God says, “You shall not covet your neighbor’s wife, or his manservant or maidservant, his ox or donkey, or anything that belongs to your neighbor” (Exodus 20:17).
Luther explains, “What does this mean? We should fear and love God so that we do not entice or force away our neighbor’s wife, workers, or animals, or turn them against him, but urge them to stay and do their duty.”
Salvageable adds: Some things belong to our neighbors because they were bought with money. Other things, living things, are attached to our neighbors by loyalty and not only by money. Envying a relationship is as wrong as envying a possession, because such envy reveals that we neither love our neighbor nor trust God to give us all that is good for us.
If you are unmarried, you have the right to become married. But do not end another marriage to find for yourself a wife or a husband. Do not even think about what it would be like to be married to a person who already is married to someone else. You can be friends, if that person is willing to be your friend, but in your friendship continue to support that person’s marriage.
If you wish to hire a worker, advertise the job opening and choose your new worker from those who apply for the job. Do not target or recruit the workers of your competitors or hire someone for the purpose of robbing that person from the competition. Hire the best workers that apply for your job, and do not even think about how to steal away the people who are working for your competitors.
If you need work animals, such as oxen and donkeys, go ahead and obtain them honestly. Do not steal them from your neighbor or trick your neighbor into letting them work for you. Do not even think about how you can take away your neighbor’s ox or donkey. Instead, if your neighbor’s work animal is wandering, lead it home. If it is lost and you do not know who owns it, advertise that you have found a missing animal, and take good care of it until your neighbor arrives to claim it.
Of course this applies to pets as well as to work animals. You can be kind to your neighbor’s dog or cat or exotic pet. Do not try to win its loyalty away from your neighbor by your kindness or your treats. The old ploy, “This dog followed me home from school—can we keep it?” is dishonest. It is far better to tell that dog to “go home,” to stay with its owner and do its duty.
An additional relationship is not mentioned by God or by Luther, but I think it is covered also under “anything that belongs to your neighbor.” That relationship is friendship. We all need friends, but we should not try to steal friends away from other people, whether by lies and gossip or by promising better rewards for our friendship. Bitter competition for friendship peaks during junior high and senior high years, but the feelings that provoke that competition never disappear. Most of us simply become better at hiding our feelings, and the rest become better at manipulating people without their efforts being obvious.

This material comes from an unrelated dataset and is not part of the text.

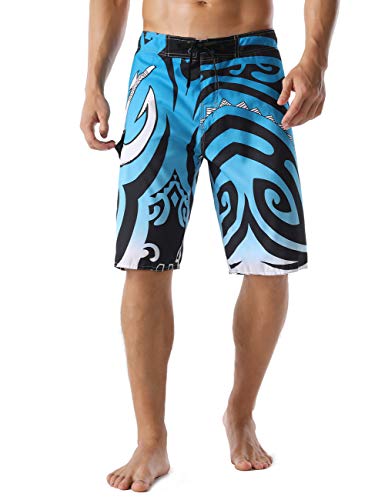 Nonwe Men's Quick Dry Wave Pattern with Mesh Lining Beach Shorts 1610820-34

One relationship we never need to avoid coveting: our relationship with Jesus Christ. He is the timeless God, so he has enough time for each of us. He also has enough love for each of us. He has enough forgiveness to cover all of our sins. No matter how tightly we cling to him, we cannot rob him away from anyone else. He is always with us, always quick to forgive our sins because of the price he already paid to remove them. He wants us to be content in our relationship with him. He even wants us to tell other people about him so he can have the same relationship with them. Although the devil and the sinful world try to entice or force us away from Jesus, they cannot succeed, because nothing can separate us from the love of God that is in Christ Jesus our Lord. J.